Quand nous ne dînons pas à la terrasse de chez F., nous allons chez Gu., dont le restaurant est régulièrement et de façon incompréhensible, tout à fait désert. Pourtant, le minestrone y est savoureux et elle dévore chaque fois ses rigatoni au poisson jusqu'à la dernière pâte. Après le dîner, nous déambulons dans la ville, nous laissant surprendre par des animations estivales que je négligerais en temps ordinaire. Un soir un concert, un autre un spectacle de marionnettes. Mais en réalité, mon attraction nocturne favorite reste la dégustation d'une glace en terrasse juste avant de rentrer. Elle choisit invariablement celle au yaourt, je ne me lasse pas de la straciatella et G. navigue entre le chocolat au lait et la noix de coco.
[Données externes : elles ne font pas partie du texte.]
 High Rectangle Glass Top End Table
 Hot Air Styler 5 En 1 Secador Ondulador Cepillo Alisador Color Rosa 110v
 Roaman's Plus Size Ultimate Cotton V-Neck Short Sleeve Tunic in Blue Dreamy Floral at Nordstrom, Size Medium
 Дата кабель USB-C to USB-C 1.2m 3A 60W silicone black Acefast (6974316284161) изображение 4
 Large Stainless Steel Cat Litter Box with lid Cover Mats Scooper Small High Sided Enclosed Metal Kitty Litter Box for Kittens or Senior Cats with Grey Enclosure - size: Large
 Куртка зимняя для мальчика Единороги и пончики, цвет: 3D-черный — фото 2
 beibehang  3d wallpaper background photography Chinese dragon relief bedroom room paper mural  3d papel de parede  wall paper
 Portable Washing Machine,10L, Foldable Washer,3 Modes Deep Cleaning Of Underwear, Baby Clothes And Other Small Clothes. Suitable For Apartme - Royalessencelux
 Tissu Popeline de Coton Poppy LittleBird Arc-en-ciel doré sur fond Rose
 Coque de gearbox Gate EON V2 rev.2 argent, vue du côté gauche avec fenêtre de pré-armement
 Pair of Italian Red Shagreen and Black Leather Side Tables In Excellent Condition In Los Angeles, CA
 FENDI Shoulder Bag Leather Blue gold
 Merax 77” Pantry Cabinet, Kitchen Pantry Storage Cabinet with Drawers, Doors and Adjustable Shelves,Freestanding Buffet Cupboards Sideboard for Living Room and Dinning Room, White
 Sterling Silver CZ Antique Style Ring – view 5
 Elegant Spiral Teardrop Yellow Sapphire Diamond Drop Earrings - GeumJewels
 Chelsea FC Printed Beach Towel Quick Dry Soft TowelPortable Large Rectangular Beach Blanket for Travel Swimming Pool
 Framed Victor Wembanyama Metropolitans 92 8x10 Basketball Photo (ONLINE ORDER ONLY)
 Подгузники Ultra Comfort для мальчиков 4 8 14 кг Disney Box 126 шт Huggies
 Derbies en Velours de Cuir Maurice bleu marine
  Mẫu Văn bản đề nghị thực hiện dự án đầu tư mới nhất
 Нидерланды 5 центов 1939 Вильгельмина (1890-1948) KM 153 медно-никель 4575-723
Les jours passent ainsi, entre la plage, le café, les restaurants, les balançoires et le glacier. Nous passons de temps en temps à la biscuiterie en bas de l'appartement, elle aime grignoter ceux dont l'extrémité est chocolatée.
Bon, il n'y a pas de librairie à C.C mais j'ai tout prévu dans la valise et je lis avec exaltation un roman sentimental d'Edith Wharton qui s'appelle Summer.
Le jour du départ, avant de prendre l'avion, nous nous arrêtons dans une station balnéaire pour le déjeuner. Nous entrons, absolument par hasard, dans un restaurant de bord de route, à l'écart de l'agitation côtière. Presque toutes les tables sont réservées mais comme il est tôt (qui, en Italie, déjeune à midi ?), on nous fait une place en terrasse. Bientôt, on nous apporte de la foccacia tiède et du pain maison, délicieux. Bientôt, nous nous régalons de gnocchi au pesto de pistache et aux palourdes, de pappardelle au poisson et à la tomate, d'un bar grillé farci aux herbes. Il n'y avait pas meilleure façon de dire au revoir à cet été en Toscane.
Depuis quelques semaines, à table, en promenade ou au moment du coucher, elle demande régulièrement: "Maman, tu peux raconter les vacances en Italie ?" (pour être juste, elle adopte un ton quand même plus impératif: "Maman, raconte vacances en Italie !"*). Alors je commence, Les retours de plage empruntaient chaque jour le même chemin...

*Elle demande aussi sur le même ton "Maman, raconte vacances à Biarritz !"
C'est une histoire qui pourrait commencer par A Biarritz, on habitait une petite maison de pêcheur tout près de l'océan...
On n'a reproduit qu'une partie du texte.